Vegetable prices rose 27.6% in December owing to onion prices rising 74% in December, while tomato prices rose 33.5%.


Besides vegetables, fruits, pulses and spices all recorded double digit inflation in December.


“Despite marginal sequential moderation, food prices remained largely sticky, which drove up the year-over-year growth in December. The persistently high inflation in specific food categories, such as cereals, pulses, and spices, raises concerns about the potential broadening of price pressures,” Sinha added.


Cereal inflation, on the other hand, declined below 10% for the first time in 15 months, but concerns still remain.


“The outlook for the inflation for certain items like rice, wheat and pulses remains somewhat vulnerable, given the estimated fall in annual kharif production, as well as the YoY lag in the ongoing rabi sowing season amid El Nino conditions,” Nayar from Icra said.


Economists expect inflation pressures to ease in the coming months, given base effects and arrival of new crop.

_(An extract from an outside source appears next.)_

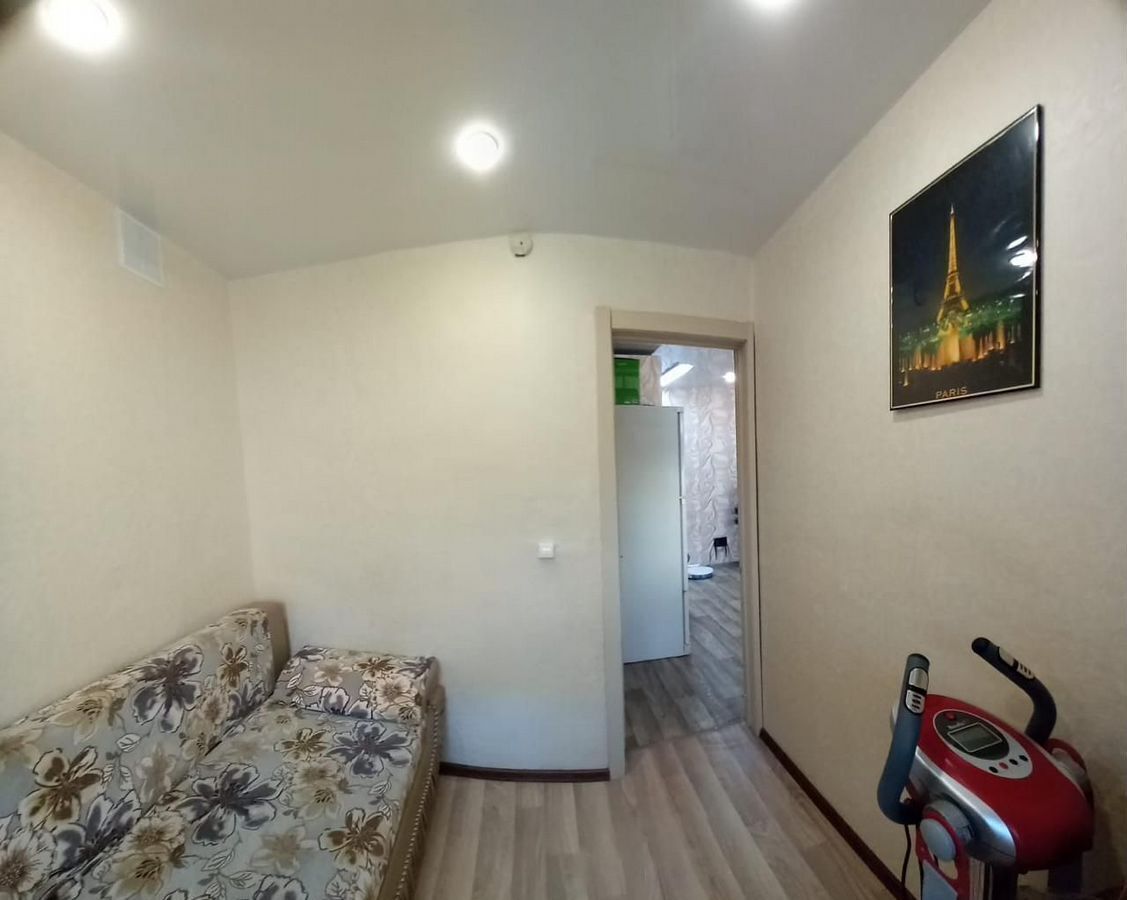 квартира г Чита р-н Черновский ул Труда 3 фото 4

“We expect inflation in January 2024 to decline to 5.3-5.5% range mainly due to base effect,” said Ind-Ra economists.


Output concerns


All three major sectors of industrial activity underperformed, with mining slowing down to 6.8% in November from 13.1% in the previous month, while electricity came down to 5.8%, a five-month low.


Manufacturing, which accounts for over three-fourth of the index, grew 1.2%, compared with 10.2% in October and 6.7% in November 2023.


“While an unfavourable base resulted in a broad-based growth moderation, month-on-month contraction seen in the electricity and manufacturing sectors further constrained the overall IIP growth,” said Sinha from CareEdge.


Both consumer durables and non-durables, which reflect consumption demand, showed a contraction in November of 5.4% and 3.6%, respectively. The contraction in consumer durables was much larger as the sector had expanded 15.9% in the previous month.


“Consumer goods should have picked up in the festive season but have not. This means that the scope for revival is limited. Don’t expect corporate results in this sector to do well on sales,” said Madan Sabnavis, chief economist, Bank of Baroda.


Economists contend that pre-election spending could likely aid in some revival. India is scheduled to hold general elections in the next quarter.


Besides consumption, capital goods also contracted in November.


“17 of 23 sectors showed negative growth with capital goods going down. All indicative of limited investment concentrated in metals cement and auto,” Sabnavis said.


Performance is expected to stay muted in the coming months. Ind-Ra expects the IIP growth to remain muted in the low single digits in December 2023.